日本独自の進化を遂げた4ドアワゴンボディのJ30系ジープ
ワゴン型のボディを持つ1977年式J38型三菱ジープのオーナーの前坂さんは、若いころから4WD好きで、「ジムニー」を購入した後に「ランクル」を探していたそうだ。そのときに出会ったのが、ディーゼルエンジンのJ36型三菱ジープだったというわけで、以来J30系ワゴンばかり30年間で5台も乗り継いできたという。このJ38も、かれこれ10年ちょっと乗っているのだそうだ。
戦後ウィリス社とのライセンス契約によって、日本でジープ製造が可能となった中日本重工業(後の三菱重工業)は、日本独自の派生モデルを続々登場させる。1961年にはロングホイールベース版のシャシーに、フルスチール製のワゴンボディを架装したJ30型デリバリワゴンも登場。
前坂さんが乗ってきたJ38型はそんなJ30型の後継モデルで1974年に登場。エンジンはガソリン2.4Lの4G53型が搭載され、マルーンと白のツートーンボディや赤い内装など、レジャービークルの先駆けとして当時は高価ながら人気のモデルだった。
細かな灯火類を交換してビンテージスタイルを楽しむ
前坂さんはそんなJ38をノーマル風のままながら、細かな部分に手を入れて乗っている。最もこだわったのは灯火類だ。
「フェンダー上のウインカーを古いタイプに変更して、フロントグリルのホーンが備わる部分には古い年式のマーカーライトを装着しています」
よく見るとテールランプも通常であればレッドとアンバーのコンビネーションとなるが、この車両はあえてレッドとクリアのレンズを使用しているのだ。アメリカの灯火類をオマージュしたような細かなモディファイだが、夕闇にテールやフロントマーカーが光る雰囲気はなんともアメリカっぽいのだ。
その他メーターまわりもより古い20系用に交換するなど、全体的に古い年式に見える工夫が施されている。
今でも現役でキャンプに大活躍!
前述の通り、これまで30年間で30系ばかり5台も乗り継いできたという前坂さんだが、やはりこのクルマの状態はかなり良いそうで、ボディも一部オリジナルペイントが残り、腐りもほとんど皆無。46年も前の車両とは思えないほどコンディションは良いという。
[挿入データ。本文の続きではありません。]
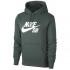 Nike SB Icon Essential Sweatshirt Met Capuchon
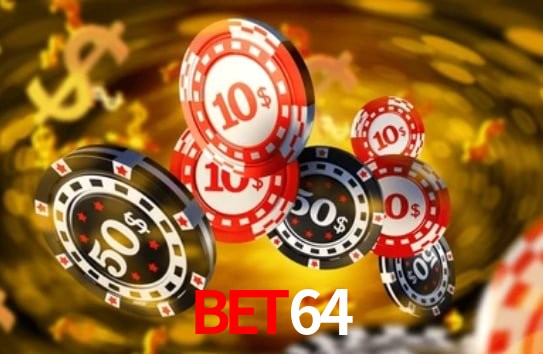 A Revolução dos Aplicativos de Jogos no bet64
「今はこのクルマが気に入っているので、乗り換えは考えていません。すでにこのクルマに10年乗っていますが、大きなトラブルもなく、本当に壊れない良いクルマです」
古いクルマながら、こうしてイベントに参加したり、キャンプを楽しんだりと、本来の用途であるレジャービークルとしてしっかりと活用している前坂さんのJ38は、まさに旧車ライフの理想のスタイルと言えるだろう。